Christopher Beinecke, counsel in the employee benefits and executive compensation practice group at Haynes and Boone in Dallas, adds that some employers could possibly return, for example, to limited benefit offerings known as mini-med plans, a type of low-cost option that is now prohibited.

“If employers did something because they felt they had to under the ACA, they might peel some of that back,” he says.

At the same time, however, observers underscored that any changes to health plans would likely be gradual and modest system-wide, because health plans are often used to help companies attract and retain workers.

While the specific effects are more difficult to game out, it’s also possible that broader changes to the health system as part of an ACA rollback could in turn impact the employer-sponsored market. Washington-based think tank the Urban Institute, for example, has estimated that repeal without a replacement could increase the number of uninsured by 24 million by 2021, which could put upward pressure on overall system costs if people returned to using the emergency room for primary care. Those additional costs could then potentially be pushed on to employers and workers.

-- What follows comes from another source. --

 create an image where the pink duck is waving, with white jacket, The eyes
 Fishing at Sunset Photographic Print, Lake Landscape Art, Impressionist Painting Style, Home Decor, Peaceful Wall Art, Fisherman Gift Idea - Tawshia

“That would be bad for people with employer-sponsored health insurance,” says James Gelfand, senior vice president of health policy for the ERISA Industry Committee, regarding the possibility of cost-shifting.

Still, Gelfand adds, a repeal of the ACA would offer numerous upsides for employers grappling with a host of new requirements and heightened standards under the reform law, even without a replacement plan at the ready.

“For us, repeal gets us part of the way we want to go,” he says. “Then [we hope] a replace would include some good stuff, but overall it’s not focused on us.”